Every line from the top of the records below through the one containing "BMW E46 330CI" must be copied exactly, and the pictures must not be.

※

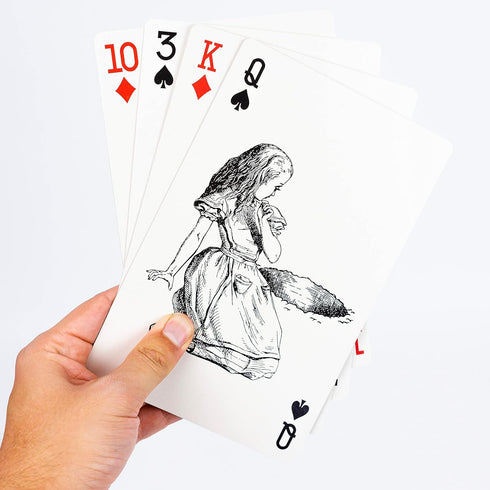 Professor PUZZLE The Queen’s Guard Giant Playing Cards - Alice in Wonderland Jumbo Cards for All Games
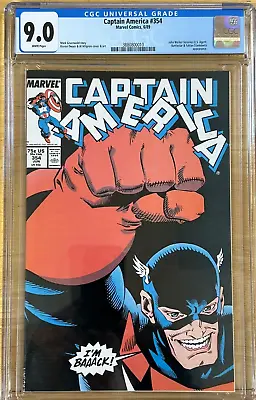 Buy 🔥captain America #354 Cgc 9.0 Vf/nm John Walker Becomes Us Agent Marvel Comics • 43.97£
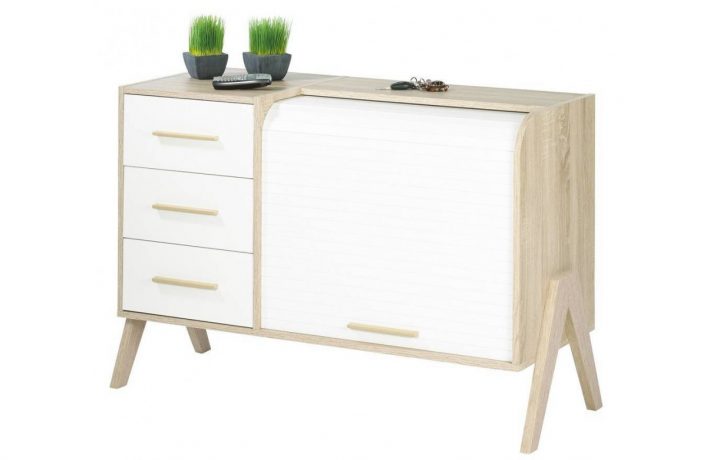 Buffet Style Scandinave 3 Tiroirs Et 1 Rideau Déroulant pour Rideau Style Scandinave Buffet Style Scandinave 3 Tiroirs Et 1 Rideau Déroulant pour Rideau Style Scandinave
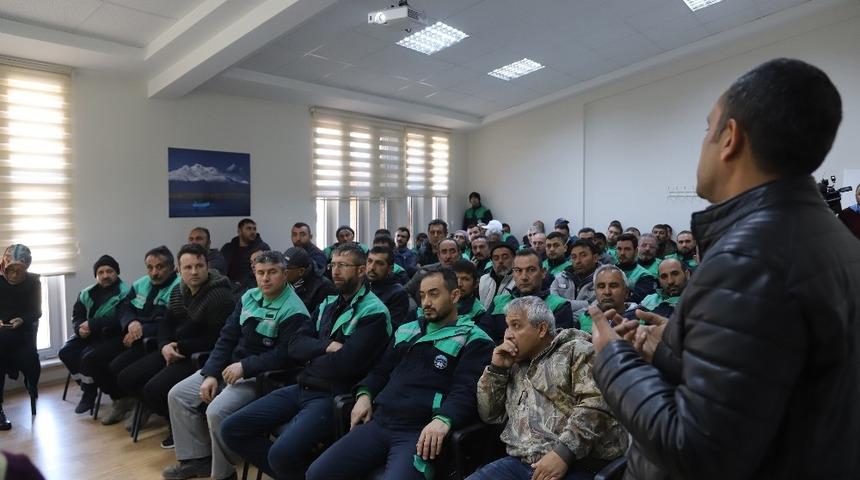 &Ccedil;evre i&ccedil;in eğitim semineri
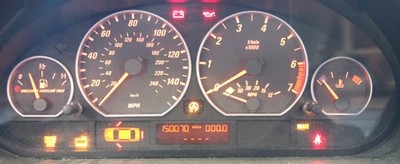 BMW E46 330CI 150K CUADRO DE INSTRUMENTOS MANUAL CON ANILLOS DE PLATA CUPÉ CONVERTIBLE Foto 1 de 4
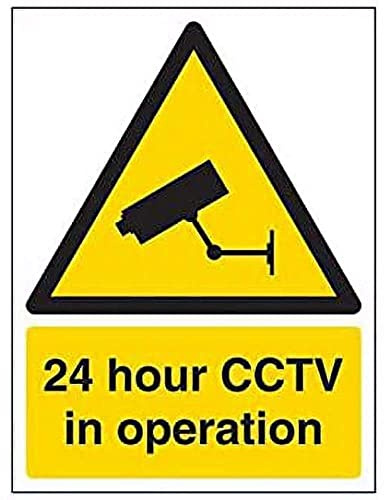 V Safety Security Notice, Cctv In Operation Sign - Portrait - 150mm x 200mm - 2mm Rigid Plastic, 6E001AN-R2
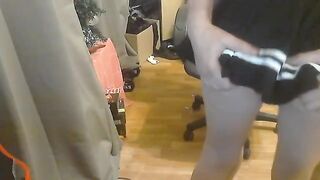 Schoolgirl fucks with her boyfriend at home, showcasing real passion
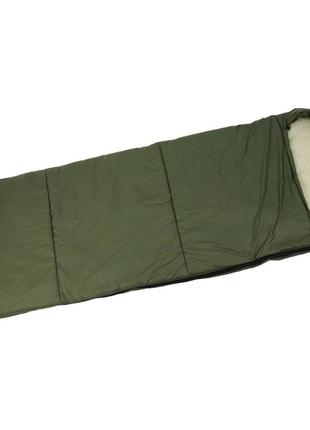 Спальний мішок супер теплий олива, рюкзак виготовлений з кордури, два кріплення на фастексах1 фото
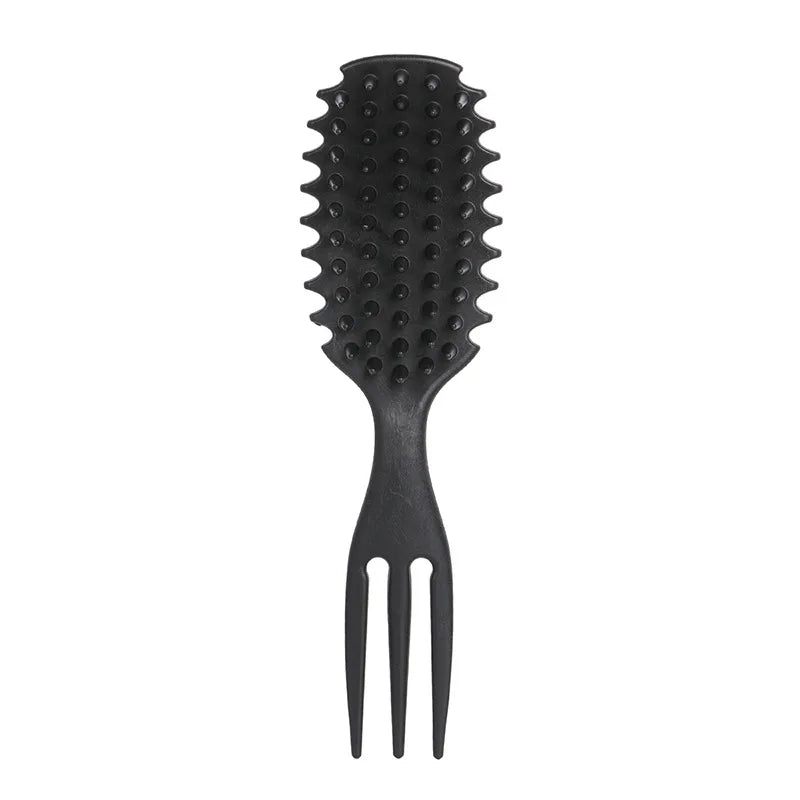 Curlivane FlexComb Curl Brush size reference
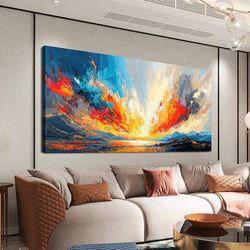 Canvas Wall Art Decor Wall Pictures for Living Room Canvas Art Wall Decor Coastal Landscape Wall Art Decorations Artwork for Walls Modern Colorful Wal
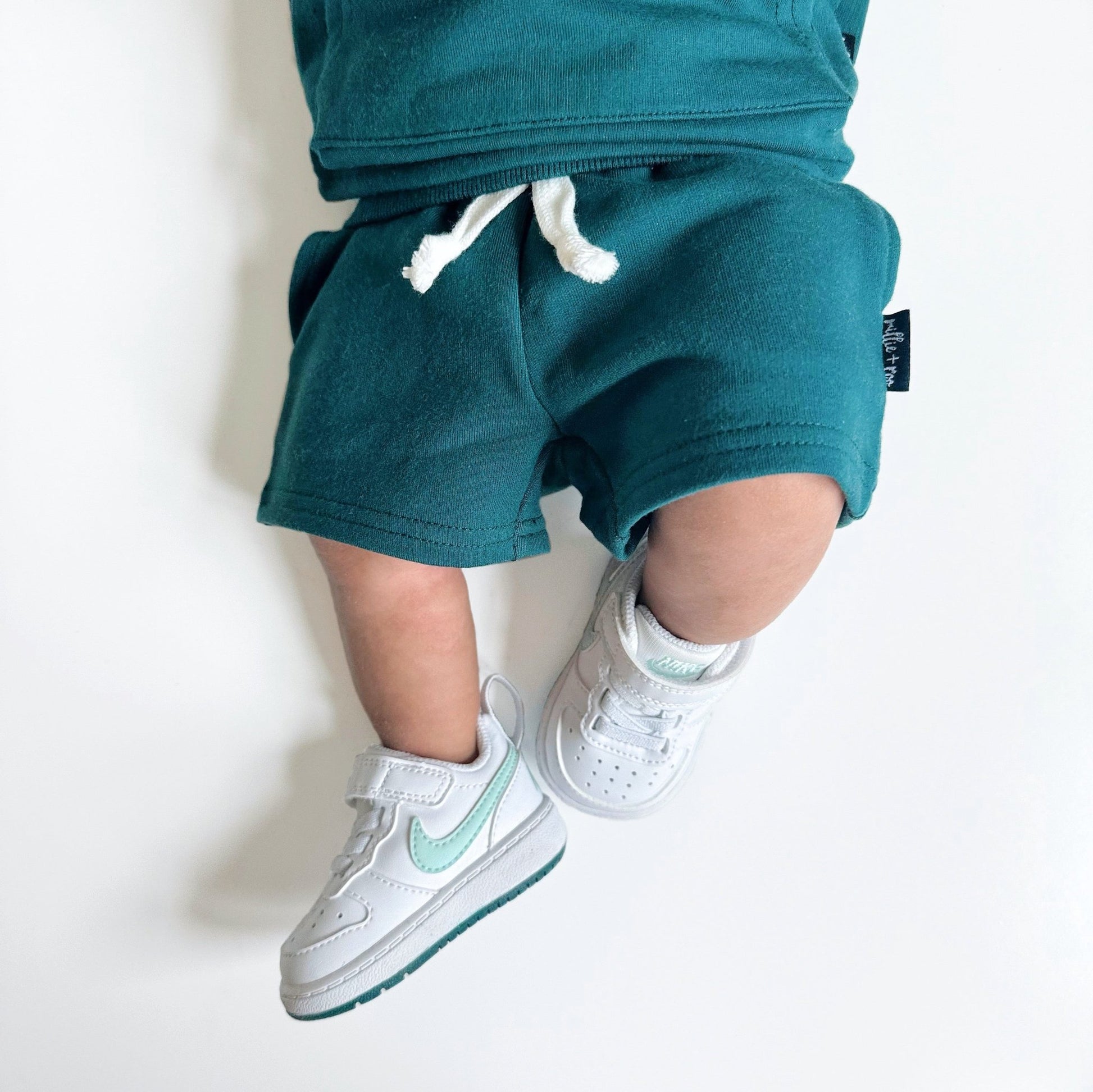 BAMBOO JOGGER SHORTS - Peacock - Mack & Harvie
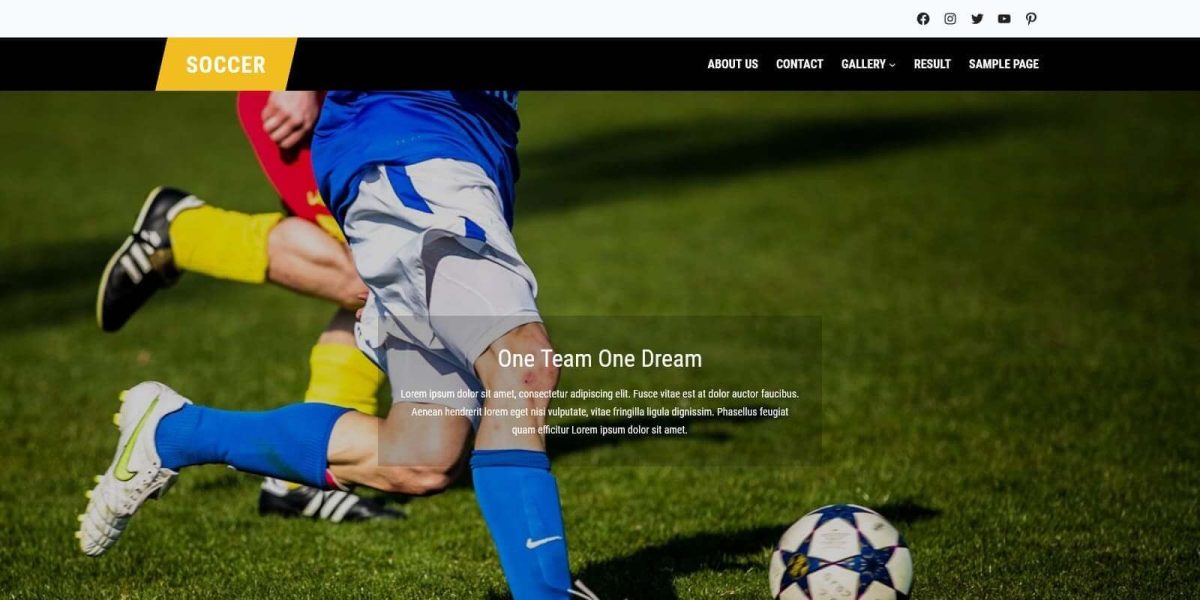 FSE Soccer WordPress Theme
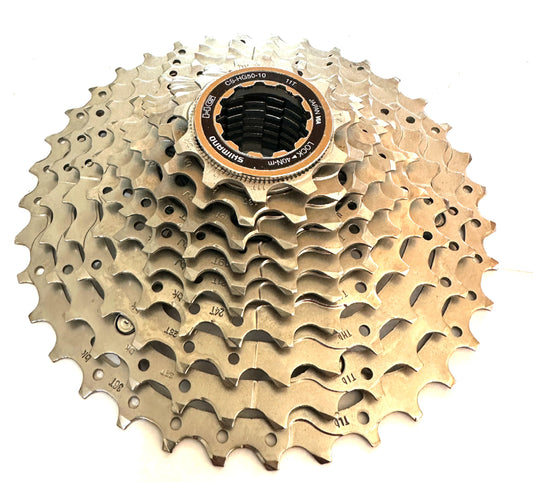 Shimano Deore M6000 CS-HG50 Cassette / 10 Speed / 11-36t / Nickel Plated Silver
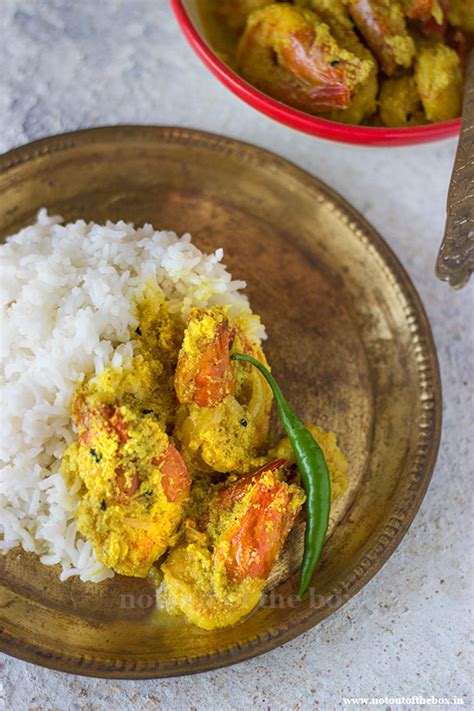 Shorshe Narkel Chingri Mustard Coconut Prawn Curry Not Out Of The Box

※

WRITTEN RESPONSE —
 Professor PUZZLE The Queen’s Guard Giant Playing Cards - Alice in Wonderland Jumbo Cards for All Games
 Buy 🔥captain America #354 Cgc 9.0 Vf/nm John Walker Becomes Us Agent Marvel Comics • 43.97£
 Buffet Style Scandinave 3 Tiroirs Et 1 Rideau Déroulant pour Rideau Style Scandinave Buffet Style Scandinave 3 Tiroirs Et 1 Rideau Déroulant pour Rideau Style Scandinave
 &Ccedil;evre i&ccedil;in eğitim semineri
 BMW E46 330CI 150K CUADRO DE INSTRUMENTOS MANUAL CON ANILLOS DE PLATA CUPÉ CONVERTIBLE Foto 1 de 4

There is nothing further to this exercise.